The issue for determination is the jurisdiction of a juvenile court to proceed against a child alleged to have violated a state law within the territory of the county in which the juvenile court is sited but who, at the time of initiation of proceedings against him, is not within that county. If the Juvenile Court of Benton County was without authority to adjudicate relator's juvenile status, its determination that relator was not a proper subject to be dealt with under the juvenile law was without legal effect and the respondent circuit judge was without jurisdiction over the person of relator or the subject matter of the prosecution.
The issue is resolved by the plain language of the governing statute, § 211.031, which in relevant part provides:
Except as otherwise provided herein, the juvenile court shall have exclusive original jurisdiction in proceedings:
(1) Involving any child who may be within the county who is alleged to be in need of care and treatment because:
. . . . . .
(d) The child is alleged to have violated a state law or municipal ordinance:
This statute which reposes "exclusive original jurisdiction" in the juvenile court of the county where the child "may be" is construed to require the physical presence of the child within the territorial jurisdiction of a juvenile court which undertakes to adjudicate his status.
A case which rules precisely the issues presented here, State ex rel.

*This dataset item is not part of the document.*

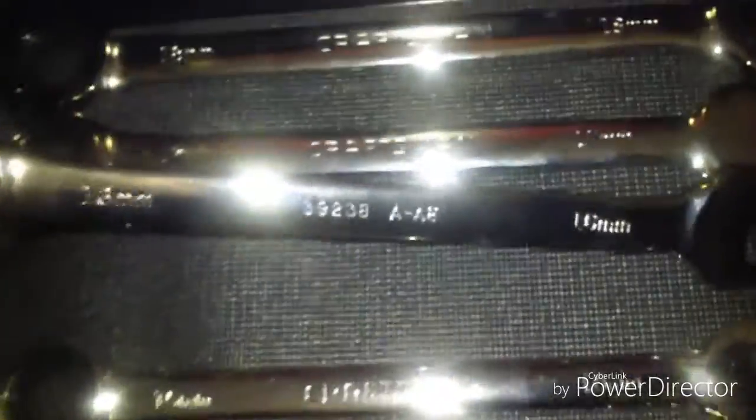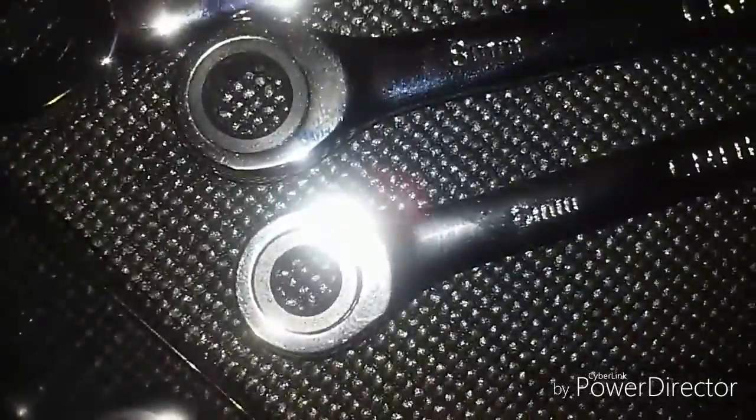Oil filter wrenches in different sizes. Combination wrench set from Craftsman — this one goes from 18 millimeter to 6 millimeter. And I have the other sizes over here in this wrench holder, which comes with these additional sizes.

D.A.S., a minor v. Adams, 485 S.W.2d 442 (Mo.App. 1972), held that the juvenile court of Montgomery County was without jurisdiction to proceed against a juvenile who was neither resident nor found within that county on a petition which alleged a violation of state law within Montgomery County by the juvenile. The rationale of § 211.031 was construed, l.c. 443 [1, 2]: "[T]he court's jurisdiction is in personam and is confined to its territorial jurisdiction. This may not be enlarged to include . . . constructive presence in the county where a criminal act was committed, as presented here."
It has been the legislative purpose of every juvenile code, since the first enactment in 1903, to ground the authority of a juvenile court to adjudicate on the physical presence of a child within the territorial jurisdiction of the court. "This territorial limitation on jurisdiction is realistic. The Juvenile Code's purpose, stated at § 211.021, V.A.M.S., is to facilitate the care and protection of children. . . . Logically this can best be done by the juvenile court of the county where the child is located. . . . Had the legislature wanted to widen the jurisdiction of juvenile courts to afford care and protection to children present in another county . . . . . it would have been simple to say so. The legislature has not done so . . . . . since the first juvenile code was enacted; when [given] that opportunity in 1947, the legislature declined." In Matter of Baby Boy Shaw, a Minor v. Smith, 449 S.W.2d 380, 384 [1, 2] (Mo.App. 1969).
The purported exercise of jurisdiction by the Juvenile Court of Benton County over relator, who was not found in that county, was invalid; its order terminating jurisdiction over relator was also without effect; hence respondent circuit judge is without authority to exercise a criminal jurisdiction over relator who remains amenable to the exclusive jurisdiction of the juvenile law process.
Our preliminary rule in prohibition is made absolute.